This was the first time in a few weeks that it was both mild and not raining, so I got out at last.  Actually it rained at the end, but I’d done 95% of it (as with the farm scene!) so just added literally a few finishing bits at home.  Didn’t get a photo of the scene this time, though I recorded a bit of video (viewable on Instagram)…. Had to get the picture into the folder sharpish on the arrival of the rain.


And finally…..

Peaceful afternoon, Dedham vale


Dedham Hall course

This willow tree painting was from my course last year at Dedham Hall.  This year’s course is coming up – from April 8th – 15th.  I’d be delighted if you’d like to join me in becoming one with the landscape of Dedham vale (and coastal and village locations).  For full details please see my Courses page, HERE.  To book a place please contact Dedham Hall directly; details HERE.

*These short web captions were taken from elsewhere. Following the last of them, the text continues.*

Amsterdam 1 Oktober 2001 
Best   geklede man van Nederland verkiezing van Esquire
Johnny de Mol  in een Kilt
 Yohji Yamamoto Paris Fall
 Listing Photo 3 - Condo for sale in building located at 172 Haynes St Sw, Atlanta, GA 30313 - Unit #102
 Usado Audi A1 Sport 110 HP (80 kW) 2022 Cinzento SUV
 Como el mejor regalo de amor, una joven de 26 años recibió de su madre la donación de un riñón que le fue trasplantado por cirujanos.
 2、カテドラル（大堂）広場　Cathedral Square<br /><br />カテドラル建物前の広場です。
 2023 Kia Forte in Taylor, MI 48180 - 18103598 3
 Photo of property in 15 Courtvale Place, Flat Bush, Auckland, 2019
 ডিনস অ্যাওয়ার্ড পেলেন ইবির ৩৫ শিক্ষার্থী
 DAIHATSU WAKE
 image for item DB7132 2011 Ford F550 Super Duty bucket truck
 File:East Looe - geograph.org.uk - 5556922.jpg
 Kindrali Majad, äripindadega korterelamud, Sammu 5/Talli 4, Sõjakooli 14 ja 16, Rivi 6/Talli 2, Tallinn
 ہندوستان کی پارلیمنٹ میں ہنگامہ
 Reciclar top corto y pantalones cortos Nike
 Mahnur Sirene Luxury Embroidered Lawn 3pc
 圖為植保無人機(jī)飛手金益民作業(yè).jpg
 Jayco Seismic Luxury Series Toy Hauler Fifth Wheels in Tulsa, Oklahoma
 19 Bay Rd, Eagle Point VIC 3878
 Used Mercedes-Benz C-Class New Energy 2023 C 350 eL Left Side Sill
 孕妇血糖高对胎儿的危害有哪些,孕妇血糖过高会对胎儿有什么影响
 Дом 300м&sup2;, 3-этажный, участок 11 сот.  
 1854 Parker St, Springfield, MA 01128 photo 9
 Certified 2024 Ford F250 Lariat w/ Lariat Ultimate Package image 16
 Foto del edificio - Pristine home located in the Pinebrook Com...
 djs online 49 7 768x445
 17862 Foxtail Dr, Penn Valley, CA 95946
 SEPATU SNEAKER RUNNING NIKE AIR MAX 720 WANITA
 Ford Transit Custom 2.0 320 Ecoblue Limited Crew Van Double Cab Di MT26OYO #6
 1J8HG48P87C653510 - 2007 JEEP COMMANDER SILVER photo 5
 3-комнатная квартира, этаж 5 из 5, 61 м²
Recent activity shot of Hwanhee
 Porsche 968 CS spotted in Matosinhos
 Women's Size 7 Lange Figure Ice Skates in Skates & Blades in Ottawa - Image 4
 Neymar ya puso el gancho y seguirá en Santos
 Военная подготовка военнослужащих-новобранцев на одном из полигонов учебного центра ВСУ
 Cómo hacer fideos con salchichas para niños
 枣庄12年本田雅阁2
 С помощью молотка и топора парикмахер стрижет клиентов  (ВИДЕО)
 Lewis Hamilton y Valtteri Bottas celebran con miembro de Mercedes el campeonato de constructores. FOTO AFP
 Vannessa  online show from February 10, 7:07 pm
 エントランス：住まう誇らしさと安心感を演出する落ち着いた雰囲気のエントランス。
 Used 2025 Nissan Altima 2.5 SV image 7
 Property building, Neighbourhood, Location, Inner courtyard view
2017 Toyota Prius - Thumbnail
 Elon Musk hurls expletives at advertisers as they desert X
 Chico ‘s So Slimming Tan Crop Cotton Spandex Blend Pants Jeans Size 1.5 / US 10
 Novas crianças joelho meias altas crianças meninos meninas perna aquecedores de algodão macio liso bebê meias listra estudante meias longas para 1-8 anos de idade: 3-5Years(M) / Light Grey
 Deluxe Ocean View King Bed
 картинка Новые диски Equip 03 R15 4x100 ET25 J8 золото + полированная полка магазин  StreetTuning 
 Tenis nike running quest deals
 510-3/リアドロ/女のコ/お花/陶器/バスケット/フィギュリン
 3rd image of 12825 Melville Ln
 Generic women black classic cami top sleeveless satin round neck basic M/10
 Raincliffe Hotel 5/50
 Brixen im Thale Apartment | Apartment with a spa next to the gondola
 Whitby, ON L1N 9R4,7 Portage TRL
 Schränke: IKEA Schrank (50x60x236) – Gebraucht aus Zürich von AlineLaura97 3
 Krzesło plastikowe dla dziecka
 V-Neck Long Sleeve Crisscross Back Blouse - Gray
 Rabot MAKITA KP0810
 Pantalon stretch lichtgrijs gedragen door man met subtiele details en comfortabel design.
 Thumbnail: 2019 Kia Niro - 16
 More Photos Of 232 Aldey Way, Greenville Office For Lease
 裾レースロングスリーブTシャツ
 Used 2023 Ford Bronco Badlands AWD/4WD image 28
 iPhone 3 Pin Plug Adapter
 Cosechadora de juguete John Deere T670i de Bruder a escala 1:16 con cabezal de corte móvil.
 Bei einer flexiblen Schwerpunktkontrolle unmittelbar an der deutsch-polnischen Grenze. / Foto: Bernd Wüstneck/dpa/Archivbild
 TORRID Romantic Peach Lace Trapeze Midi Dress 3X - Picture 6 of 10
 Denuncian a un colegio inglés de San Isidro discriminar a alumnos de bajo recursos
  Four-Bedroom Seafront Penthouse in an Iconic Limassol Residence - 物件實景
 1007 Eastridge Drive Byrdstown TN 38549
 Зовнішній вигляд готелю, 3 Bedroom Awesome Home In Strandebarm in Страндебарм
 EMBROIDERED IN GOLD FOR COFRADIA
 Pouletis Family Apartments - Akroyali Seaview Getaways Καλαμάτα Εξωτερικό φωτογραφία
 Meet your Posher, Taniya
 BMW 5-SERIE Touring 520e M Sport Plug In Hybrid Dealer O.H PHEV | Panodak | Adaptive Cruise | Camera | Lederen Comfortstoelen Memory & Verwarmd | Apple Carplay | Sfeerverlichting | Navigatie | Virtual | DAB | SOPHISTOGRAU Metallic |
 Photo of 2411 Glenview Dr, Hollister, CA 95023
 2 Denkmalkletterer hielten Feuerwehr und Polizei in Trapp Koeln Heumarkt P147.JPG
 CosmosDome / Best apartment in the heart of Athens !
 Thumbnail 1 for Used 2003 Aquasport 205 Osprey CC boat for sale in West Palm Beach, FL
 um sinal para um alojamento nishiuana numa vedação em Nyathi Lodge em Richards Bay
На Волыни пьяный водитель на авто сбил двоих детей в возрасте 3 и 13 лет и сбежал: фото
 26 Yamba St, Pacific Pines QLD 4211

New Beginner’s weekly class

For anyone local to me, I’ve got a 5 week course at the Forgan Arts Centre in Newport-on-Tay, starting April 17th.
There are just two spaces still available, currently.  Full details can be found here:



For next time

I hope you found the feature on greens useful.  It’s not at all exhaustive and even though I’ve also written a bit of extra here on the subject I’ve since thought of even more things I’d say….   I’ve clearly got too much to say, but anyway do ask away if you have questions.  And feel free to leave a suggestion for what I should cover next time.  You can email me if you prefer.

Spring is here, I reckon.   I hope you’ll enjoy it.



Comments On This Post

Marian 9 months ago. Reply

Thank you so much for your blog and your video. Your generosity is very much noted and appreciated! I have 1 question. Your Ken Bromley Thalo Blue is not as harsh and saturated as the Winsor Blue ( red shade) that I have. I rarely use it because it is so intense and completely takes over. I can’t find the Ken Bromley brand anywhere here in the US. Is there another brand (such as Daniel Smith perhaps?) that might more closely approximate the Ken Bromley? By the way, I am loving looking at your painting every day!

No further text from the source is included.